Another example of Eusebius' assertion that calamity befell those outside the church is given with the above mentioned account of John and the heretic Cerinthus, who Eusebius refers to as the "enemy of truth." The legend of John fleeing from the bathhouse in Ephesus, when he discovered the heretic Cerinthus was there, seems to support Eusebius' thinking. John feared that God might intervene to destroy Cerinthus by causing the building to collapse, and John did not want to be inside the building in case that happened! This legend might have contributed to Eusebius's theology of persecution.

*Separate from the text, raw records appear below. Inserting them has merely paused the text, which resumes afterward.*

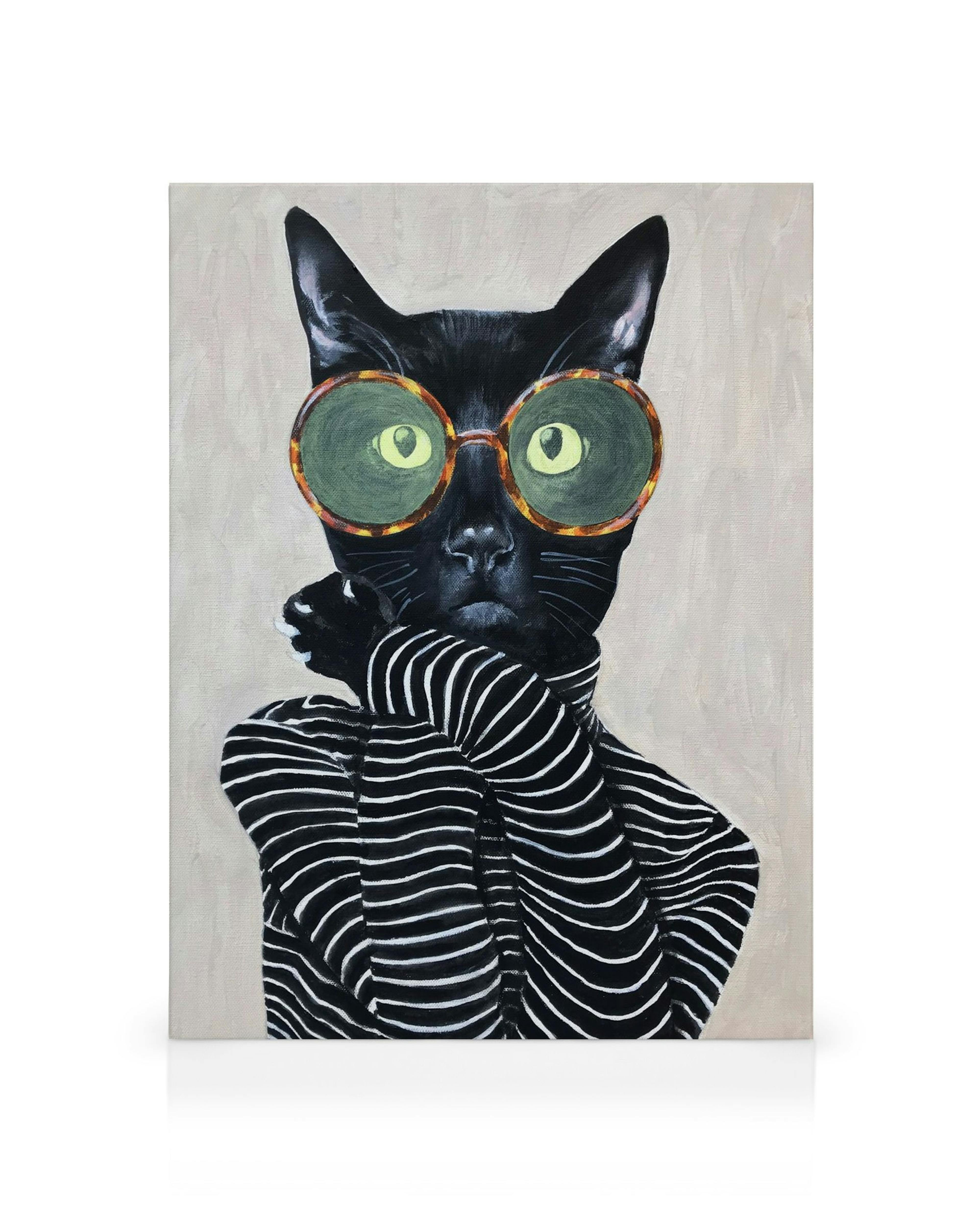 Fashionable black cat in tortoise shell glasses and black and white striped sweater, a chic animal portrait canvas.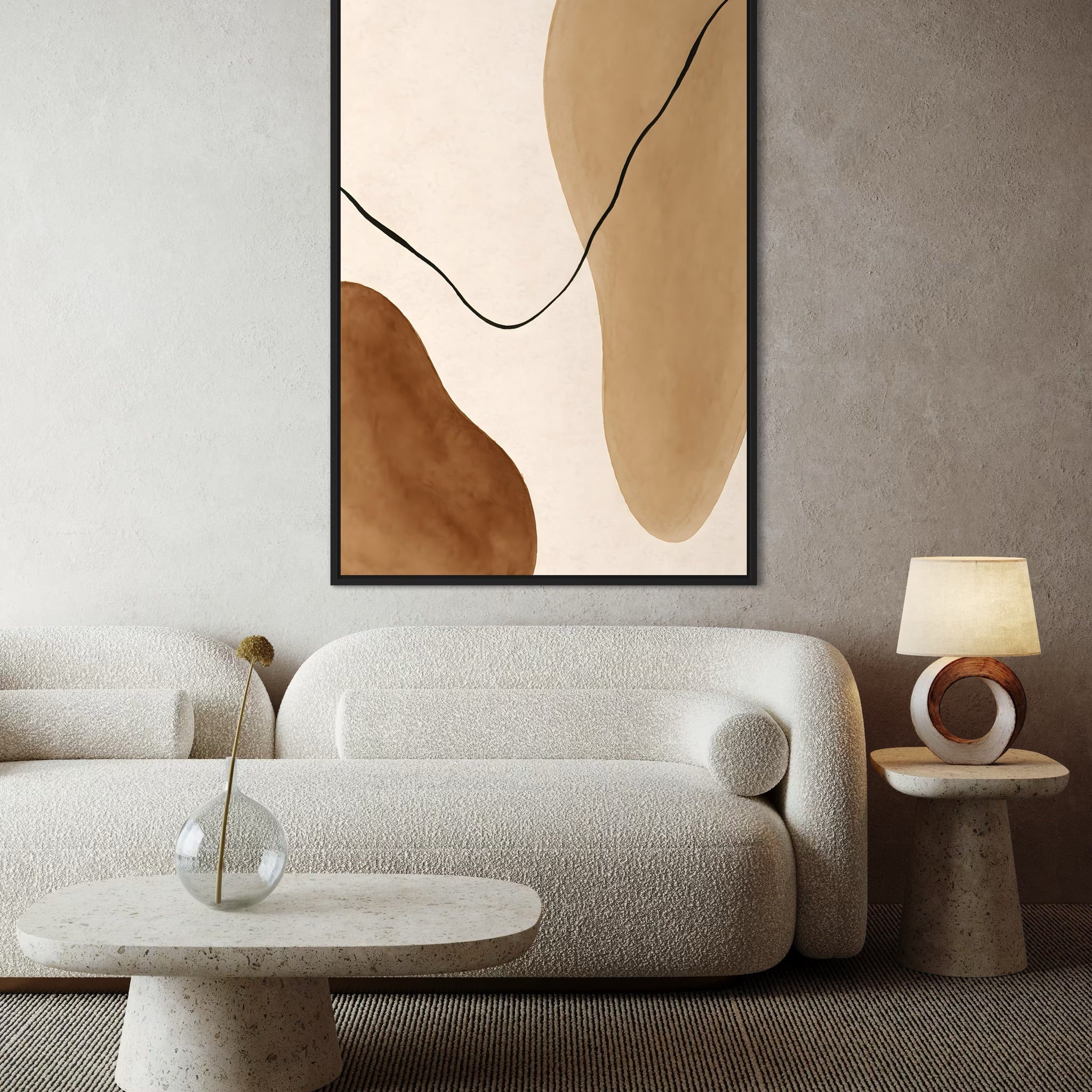 1567 - Quadro Abstrato Curvas Rústicas 2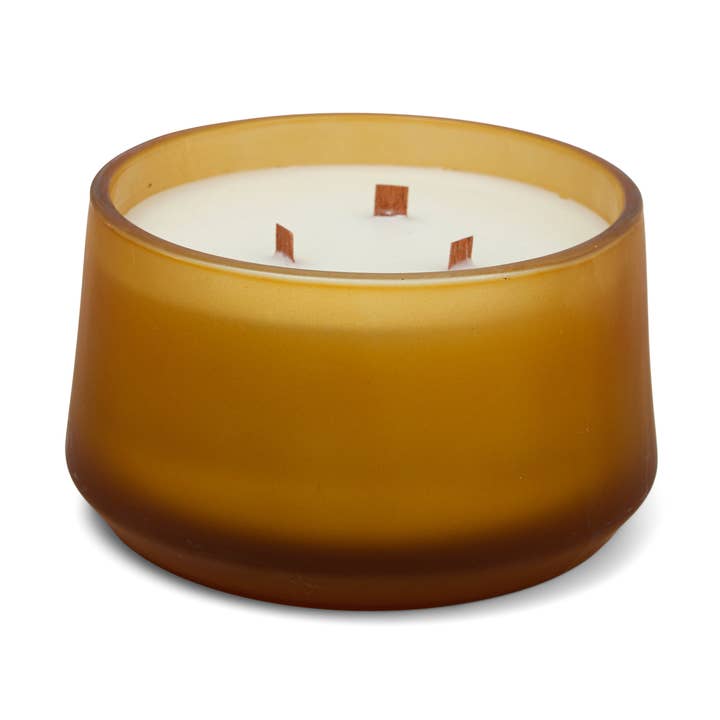 18 Oz 3 Wick Frosted Soft Amber Glass: Hemp + Suede for wholesale by Foundry Candle Co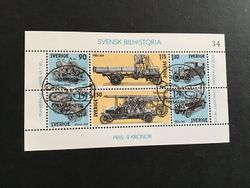 Svensk Bilhistoria facit nr 1135-1140 lyxstämplat block YSTAD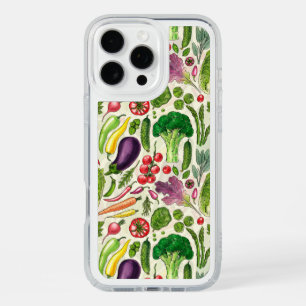 Vegetable and herbs garden harvest on off white iPhone 16 pro max case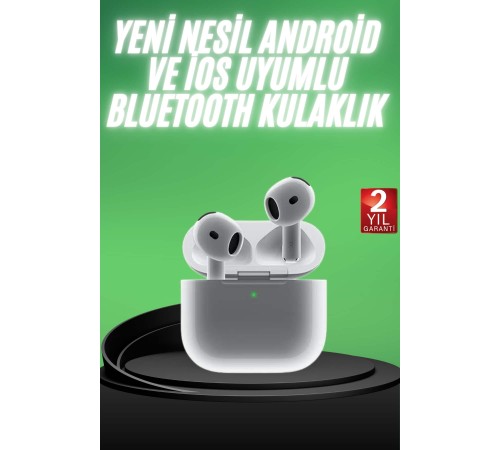 Yeni Nesil Bluetooth Kulaklık Beyaz Çağrı Cevaplayabilen Kablosuz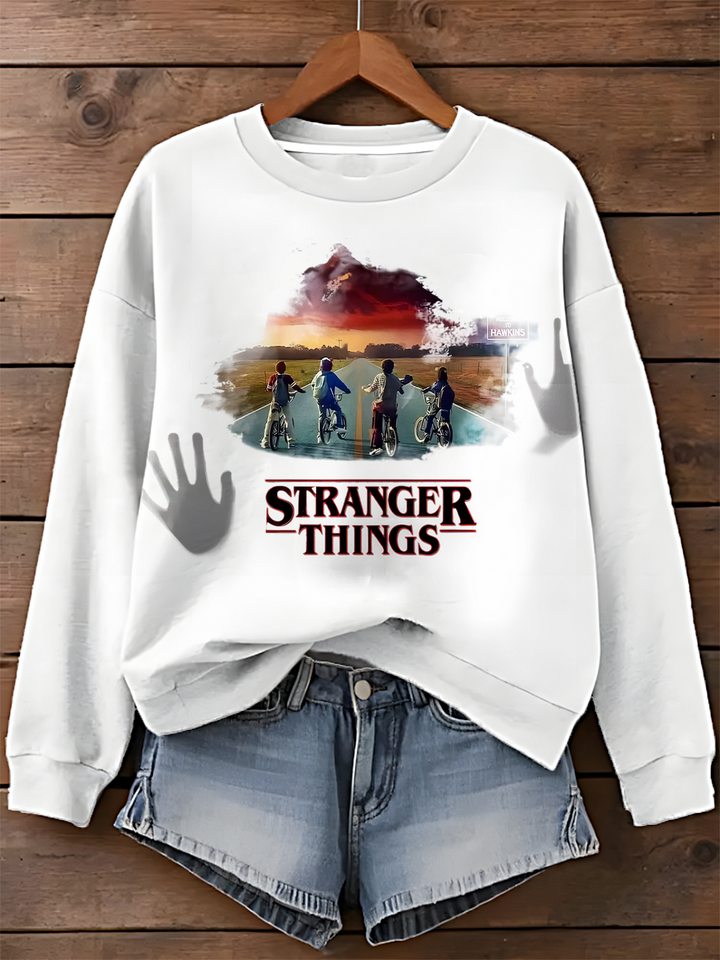 Strange Things Printed Long Sleeve Casual Top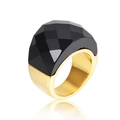 Massieve 18k goud vergulde titanium ring met een grote zwarte gefacetteerde kristal - US 6 / Zwart Goud (KR31890-K)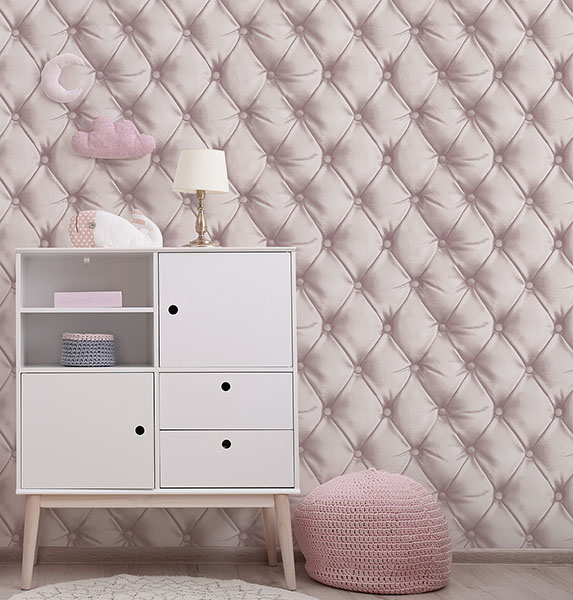 Ella Blush Tufted Wallpaper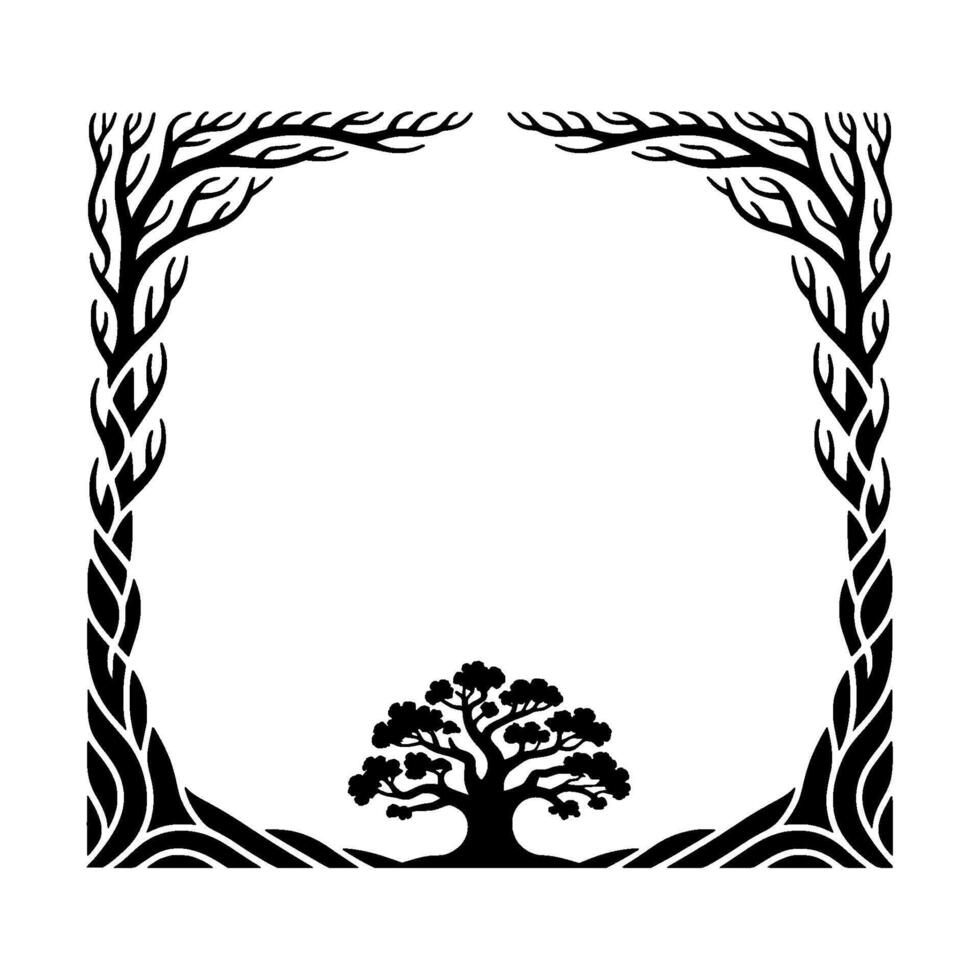 Stylized Tree Border, Ancient Symbolism, Minimalist vector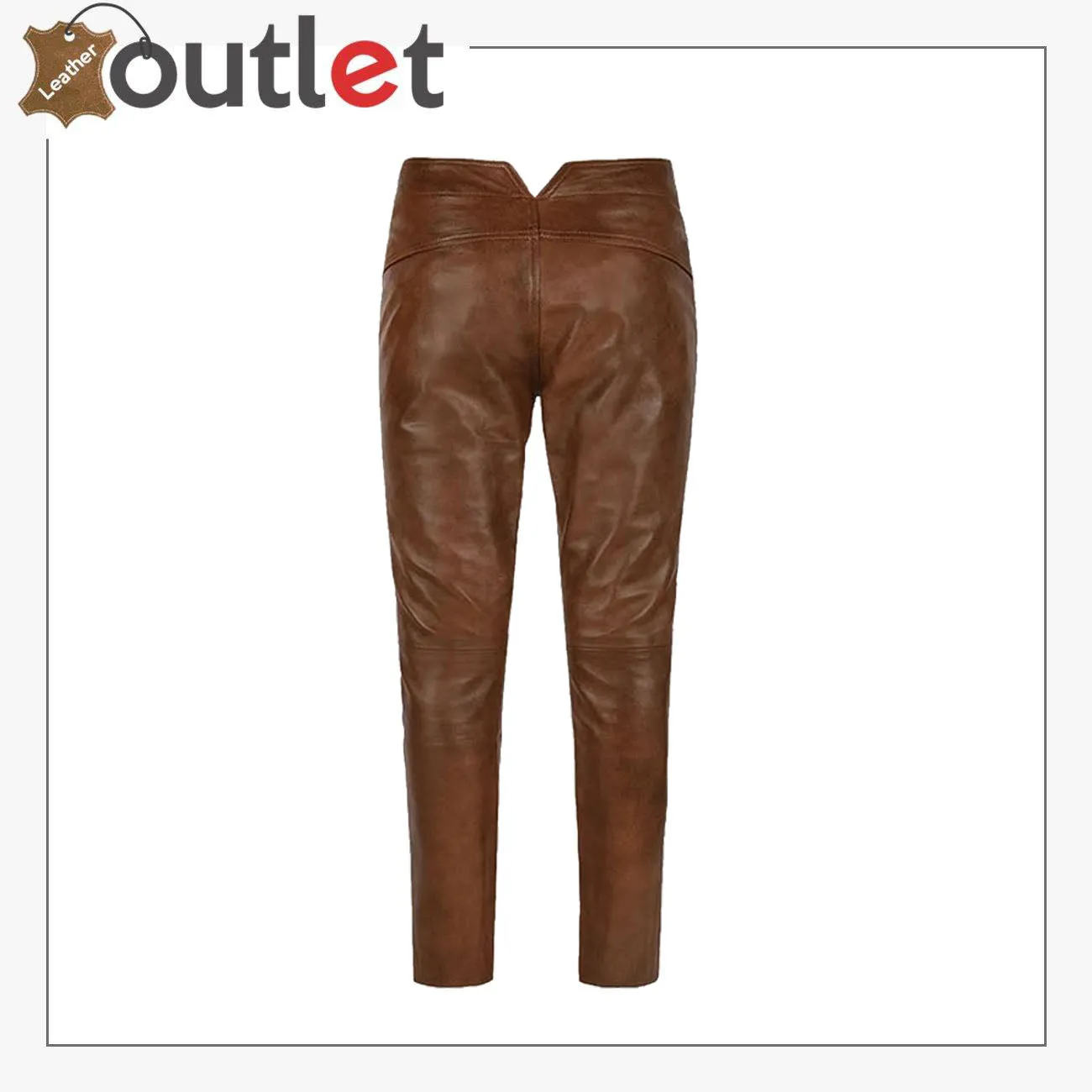 Mens Pure Brown Leather Pant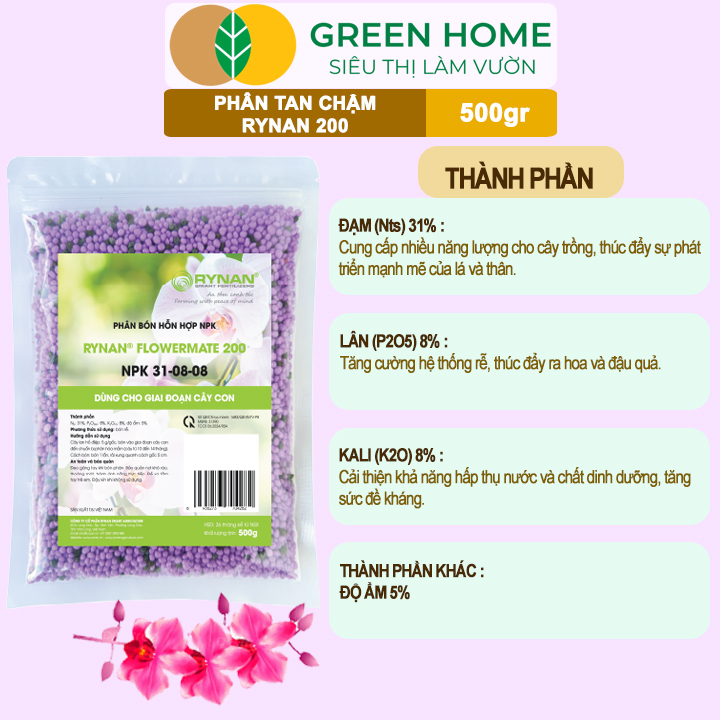 Phân Tan Chậm GreenHome, Rynan 200, Bao 500gr, Dành Cho Giai Đoạn Phong Lan Cây Con, Kích Chồi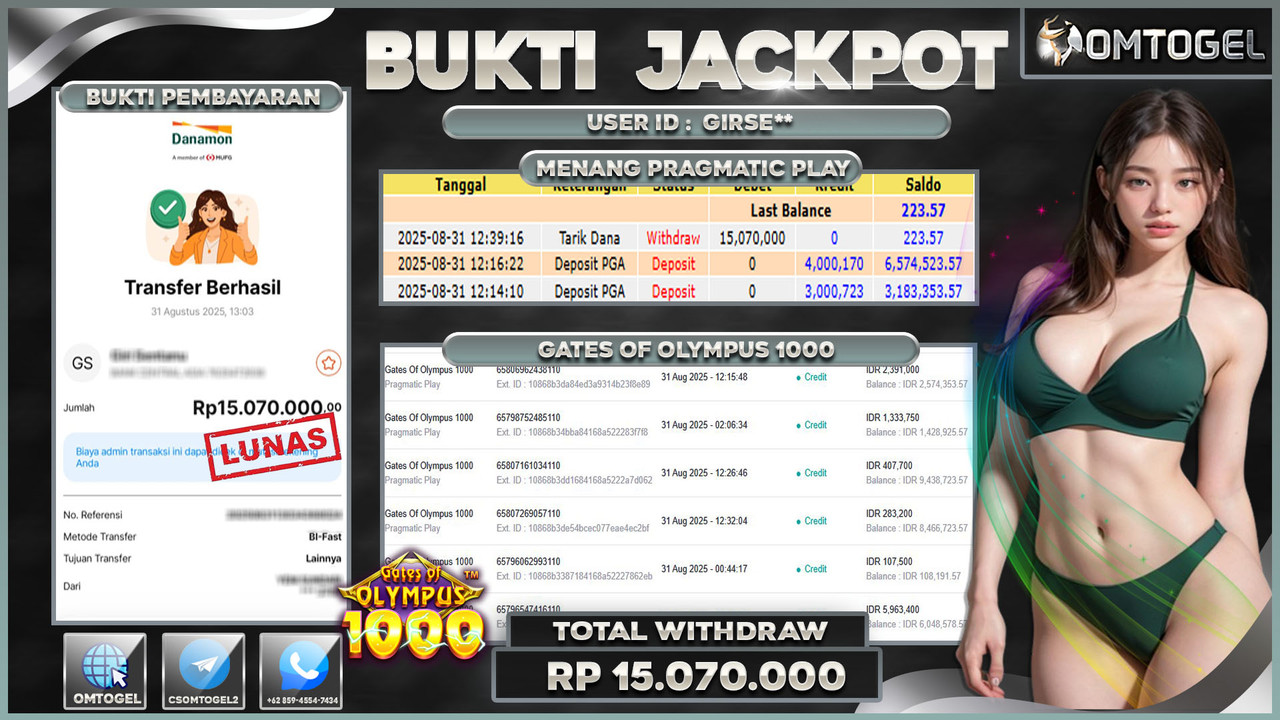 OMTOGEL JACKPOT PRAGMATIC PLAY GATES OF OLYMPUS 1000 15 JUTA DI BAYAR LUNAS ,-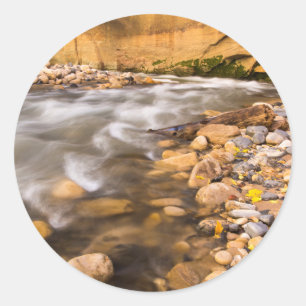 Sticker Rond Les rétrécissements de la rivière Virgin en automn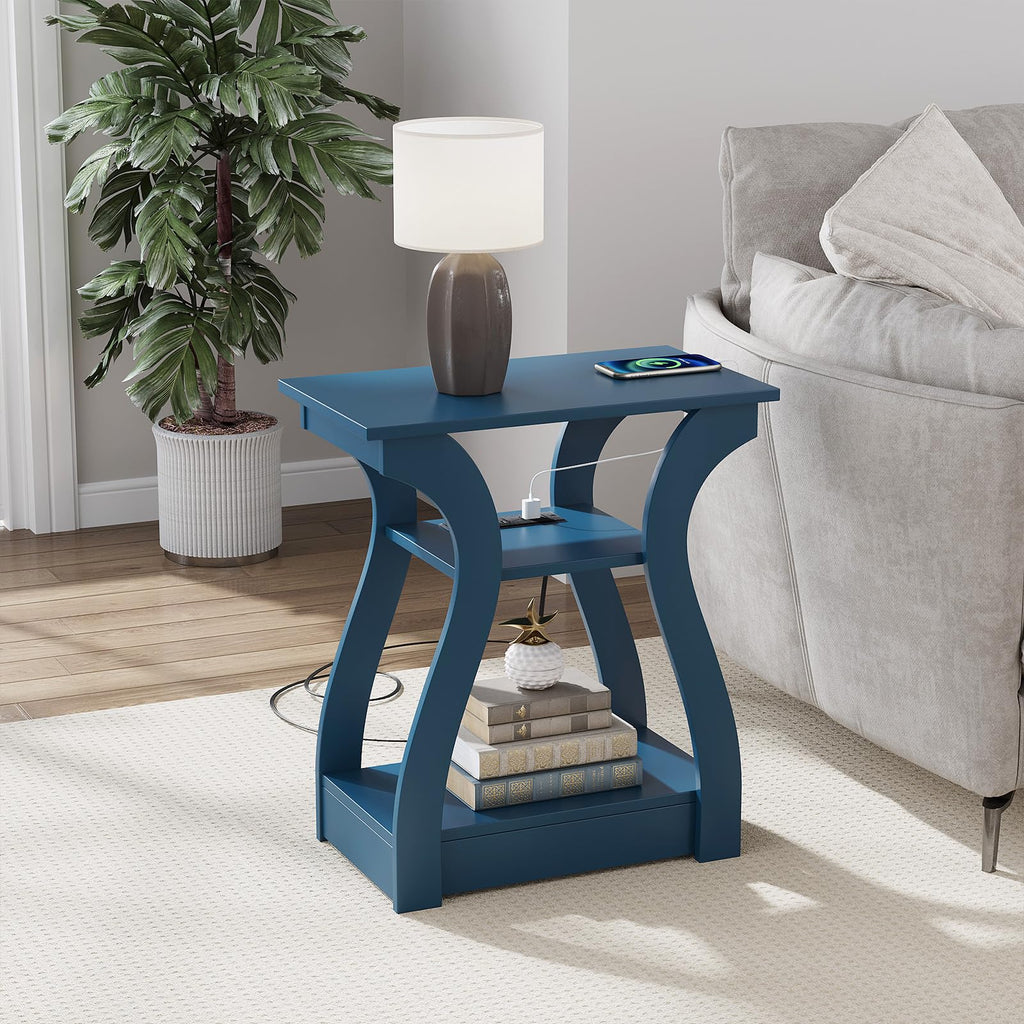 End Tables Living Room, White End Table with Charging Station,White Side Table, Nightstand for Bedroom, 3 Tier End Table with Storage Shelf for Living Room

On the issue of heretics, Eusebius gives questionable accounts about Simon Magus, Simon the magician, who according to Acts 8: 9-24, was converted to Christianity under Phillip but was rebuked by Peter when he attempted to buy spiritual gifts. Eusebius claims that Simon Magus was "the prime author of every heresy." However, the Scriptures do not give voice to such claims. Eusebius reports that Justin claims that a statue was erected of the image of Simon in Rome, but a discovery in 1574 discovered that the statute was actually of Sabine Deity. In conclusion, in spite of his inaccuracies, Eusebius also confirms events that are documented elsewhere, or have been confirmed as actual events. For example, he reports that Constantine told him that before a battle he had seen a Christian symbol of the Greek letters pi and rho in the midday sun inscribed with the words, "By this conquer." However, it must be highlighted that Eusebius had a great admiration for Constantine--even to the point of giving Constantine Christ-like attributes. Constantine is idolized by Eusebius as the one who saves Christendom and the ultimately the Roman Empire because of his appointment by God. When reading the works of Eusebius the reader must use caution and take note that Eusebius himself held to the heretical doctrine of Arianism, which viewed the nature of Christ as subordinate to the Father. The reader is advised to view Eusebius' works with a critical eye.